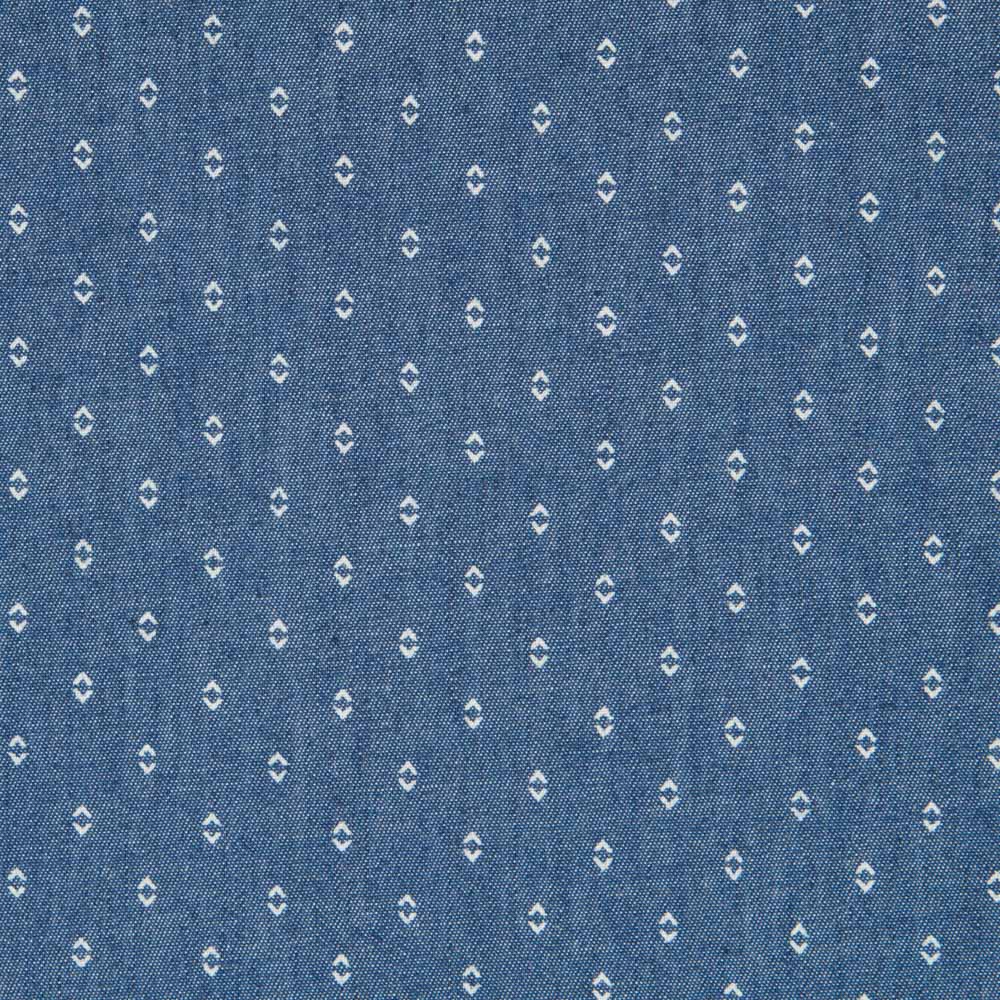 Denim Dunkel Baumwolle Geometrisch - Ribes y Casals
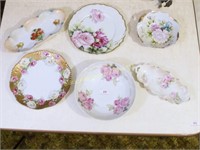 Lot: 6 lovely china pieces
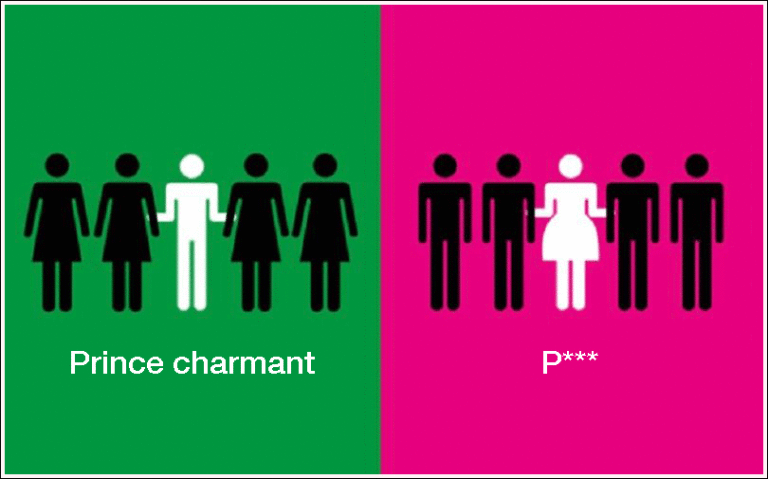 14 images simple pour dénoncer les clichés sexistes de notre société.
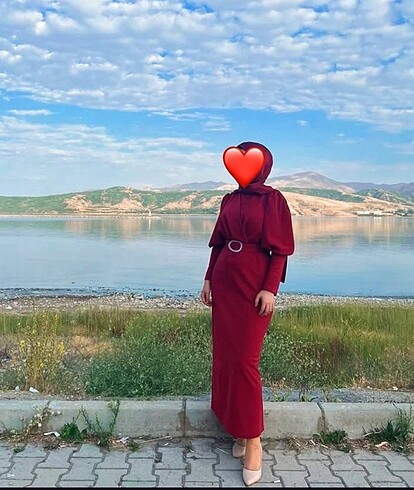38 Beden Abiye özel gün kına elbisesi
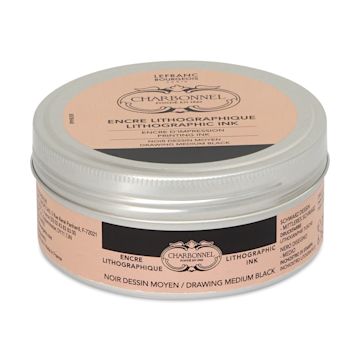 Open in modal - Charbonnel Lithographic Ink - Black Drawing, 200 ml
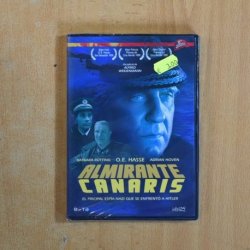 ALMIRANTE CANARIS - DVD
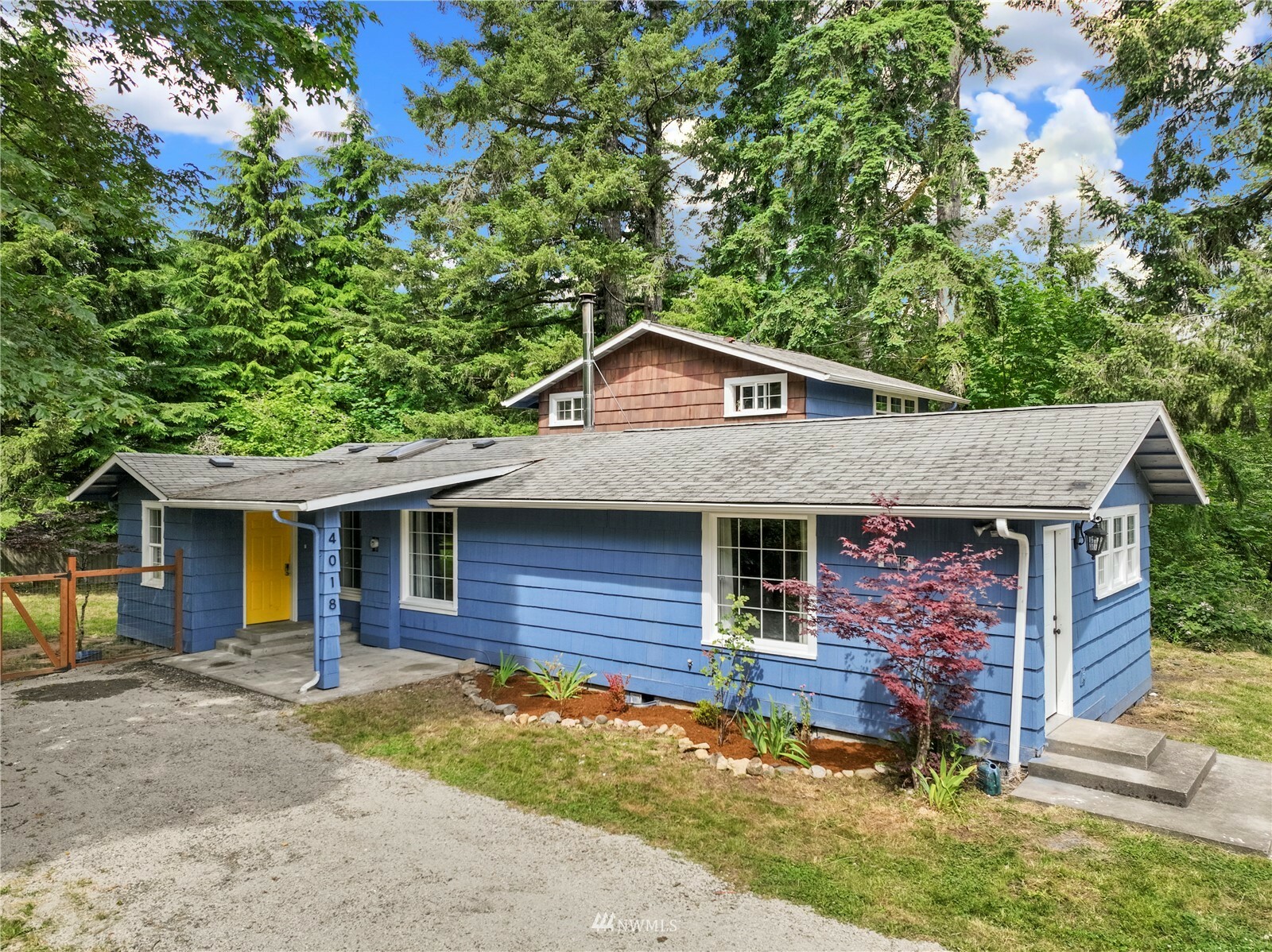 Property Photo:  4018 Steamboat Island Road  WA 98502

# TASK DETAILS
Leave out the pictures, then copy all the remaining text in the records exactly.

# TASK OUTPUT
 Denim Dunkel Baumwolle Geometrisch - Ribes y Casals
 Lot: 6 lovely china pieces
 14 images simple pour dénoncer les clichés sexistes de notre société.
38 Beden Abiye özel gün kına elbisesi
 Open in modal - Charbonnel Lithographic Ink - Black Drawing, 200 ml
 ALMIRANTE CANARIS - DVD
 Property Photo:  4018 Steamboat Island Road  WA 98502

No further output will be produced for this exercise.